DEM performs a Wilcoxon test between scores in foreground and background region sets to assess motif enrichment. Briefly, we first score genomic regions (i.e. consensus peaks, or predefined regions from SCREEN) using a motif collection with Cluster-Buster, as previously described. Regions in the input region sets are intersected with regions in the database (with at least 40% overlap), and the Wilcoxon test is performed between CRM score distributions in the two groups. By default, motifs with adjusted p-val < 0.05 (Bonferroni) and Log2FC > 0.5 are kept. A cistrome for each motif is generated by simultaneously optimizing precision and recall to separate foreground from background regions or using a predefined CRM threshold. To obtain the target regions for each TF, the motif-based cistromes of motifs annotated to that TF are combined.

SCENIC+

Within the SCENIC+ workflow, motif enrichment is performed by default in binarized topics and DARs calculated by pycisTopic, using cisTarget and DEM (including and excluding promoters from the region sets). By default, DEM is run using topics or DARs as foreground and 500 regions in other topics/DARs as background (with the same proportion of promoters as in the foreground). Additional region sets (e.g. DARs derived from specific contrasts instead of using all populations as background) can be easily added. Cistromes derived from all the motif enrichment analysis are merged by TF to generate a final set of TF-region cistromes.
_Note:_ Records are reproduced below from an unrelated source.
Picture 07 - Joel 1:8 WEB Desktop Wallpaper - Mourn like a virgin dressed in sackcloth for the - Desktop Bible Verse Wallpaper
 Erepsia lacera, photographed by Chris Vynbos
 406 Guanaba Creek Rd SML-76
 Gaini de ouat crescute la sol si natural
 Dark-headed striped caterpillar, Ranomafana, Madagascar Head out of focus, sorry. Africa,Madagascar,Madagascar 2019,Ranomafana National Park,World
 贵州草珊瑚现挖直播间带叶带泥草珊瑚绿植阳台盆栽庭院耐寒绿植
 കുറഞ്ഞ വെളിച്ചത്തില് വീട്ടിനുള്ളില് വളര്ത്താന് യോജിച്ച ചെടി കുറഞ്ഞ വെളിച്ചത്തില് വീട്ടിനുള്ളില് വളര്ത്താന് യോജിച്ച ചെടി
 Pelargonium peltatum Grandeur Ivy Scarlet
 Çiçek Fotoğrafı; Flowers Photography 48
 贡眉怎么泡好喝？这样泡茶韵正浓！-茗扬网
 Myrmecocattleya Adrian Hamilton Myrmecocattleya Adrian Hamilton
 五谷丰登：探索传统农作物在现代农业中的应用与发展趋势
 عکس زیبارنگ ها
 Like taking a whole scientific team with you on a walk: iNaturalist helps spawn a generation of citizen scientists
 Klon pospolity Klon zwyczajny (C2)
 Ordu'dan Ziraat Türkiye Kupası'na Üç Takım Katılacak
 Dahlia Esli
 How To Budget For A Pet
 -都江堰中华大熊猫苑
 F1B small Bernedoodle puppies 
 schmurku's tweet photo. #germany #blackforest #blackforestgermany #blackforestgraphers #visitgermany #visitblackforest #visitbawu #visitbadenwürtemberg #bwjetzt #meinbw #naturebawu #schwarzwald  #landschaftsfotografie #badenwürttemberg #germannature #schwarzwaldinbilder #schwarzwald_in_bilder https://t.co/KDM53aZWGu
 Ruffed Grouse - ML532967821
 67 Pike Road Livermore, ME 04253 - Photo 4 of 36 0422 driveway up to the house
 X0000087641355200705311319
The SCENIC+ motif collection includes 34,524 unique motifs gathered from 29 motif collections, which were clustered with a two-step strategy in which motifs are first clustered using Leiden clustering on the -log10 Tomtom q-value matrix, and these clusters are then refined using STAMP. Region scoring is performed using Hidden Markov Models (HMMs) models with an updated version of Cluster-Buster, in which clusters are scored using all the motifs as states instead of using a consensus motif. Ranked scores are used as input for pycisTarget, in which a recovery curve is built for each motif and region set. The Normalized Enrichment Score (NES) indicates how enriched a motif is in the region set. Scores are used for Differentially Enriched Motifs (DEM) analysis, in which a Wilcox test is performed between foreground and background region sets to assess enrichment.